Work request => Begin at the line with "3pcs Small Acrylic" and output every line through the end of the records, exactly as given. Omit pictures.

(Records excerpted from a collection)
* * * * * * *

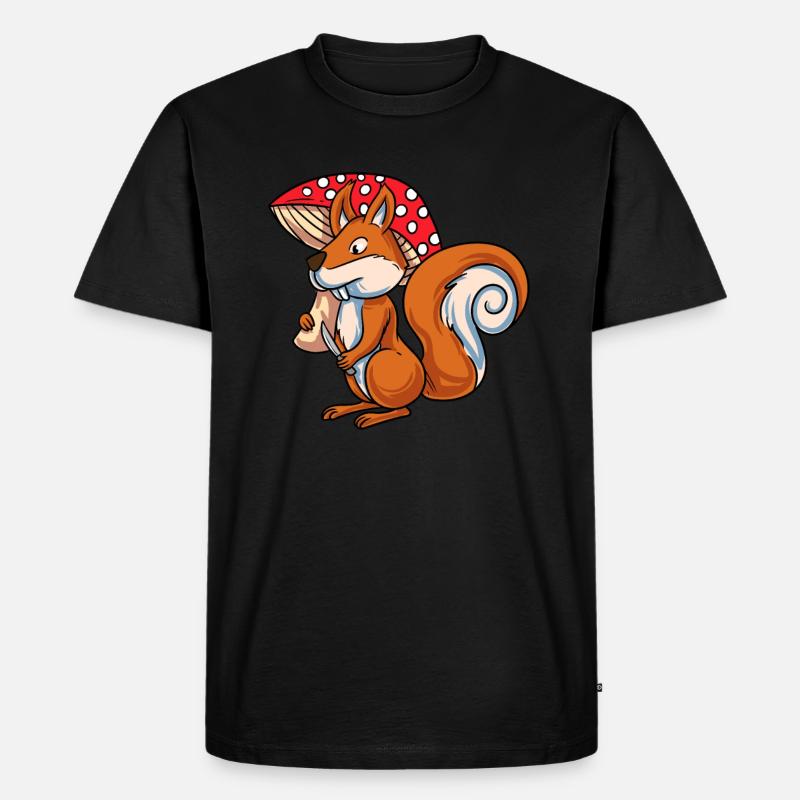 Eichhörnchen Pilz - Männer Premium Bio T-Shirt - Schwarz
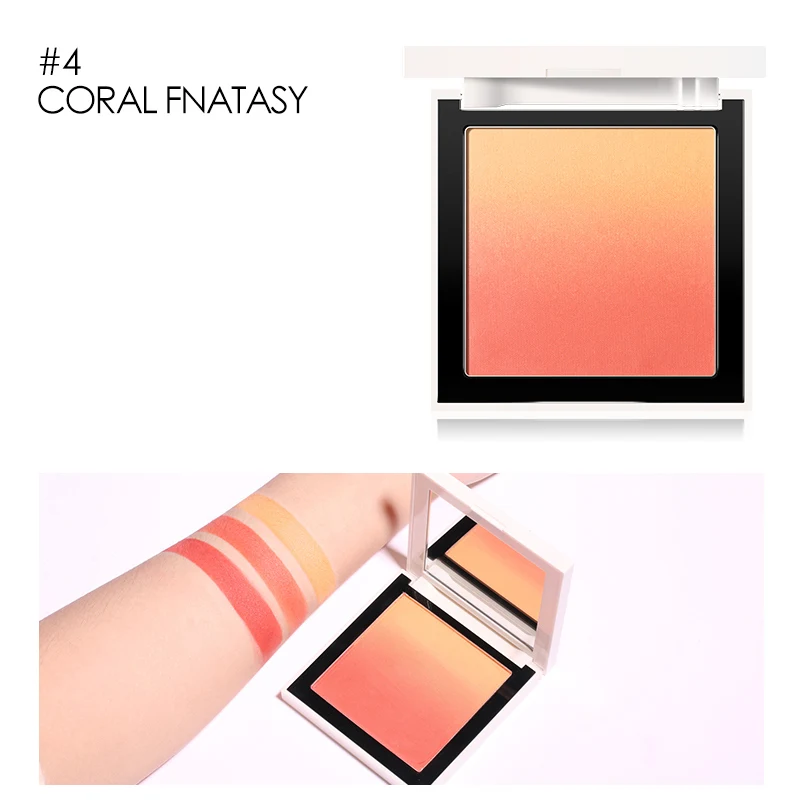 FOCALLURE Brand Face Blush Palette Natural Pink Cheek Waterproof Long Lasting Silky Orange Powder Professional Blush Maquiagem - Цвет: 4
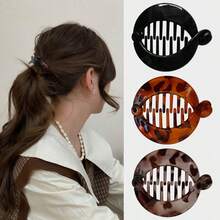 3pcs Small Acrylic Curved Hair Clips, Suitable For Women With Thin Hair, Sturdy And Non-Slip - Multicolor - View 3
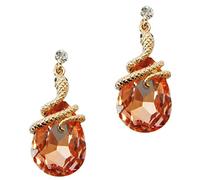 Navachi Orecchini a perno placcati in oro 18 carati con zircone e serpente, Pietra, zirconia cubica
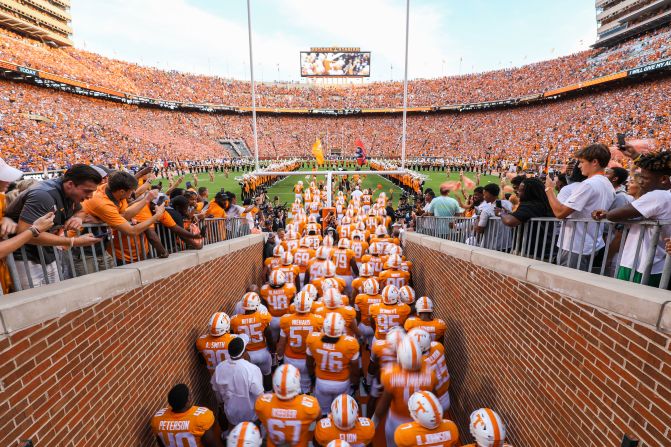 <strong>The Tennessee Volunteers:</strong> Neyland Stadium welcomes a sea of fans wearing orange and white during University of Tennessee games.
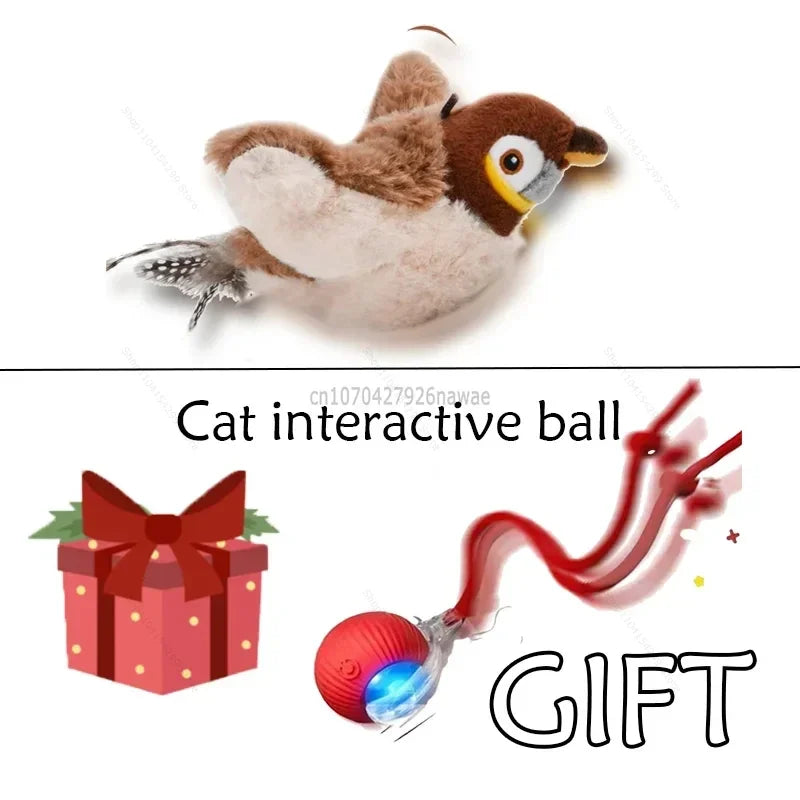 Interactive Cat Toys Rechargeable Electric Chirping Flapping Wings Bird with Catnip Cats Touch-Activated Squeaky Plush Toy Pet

* * * * * * *

Response box =>
 3pcs Small Acrylic Curved Hair Clips, Suitable For Women With Thin Hair, Sturdy And Non-Slip - Multicolor - View 3
 Navachi Orecchini a perno placcati in oro 18 carati con zircone e serpente, Pietra, zirconia cubica
 <strong>The Tennessee Volunteers:</strong> Neyland Stadium welcomes a sea of fans wearing orange and white during University of Tennessee games.
 Interactive Cat Toys Rechargeable Electric Chirping Flapping Wings Bird with Catnip Cats Touch-Activated Squeaky Plush Toy Pet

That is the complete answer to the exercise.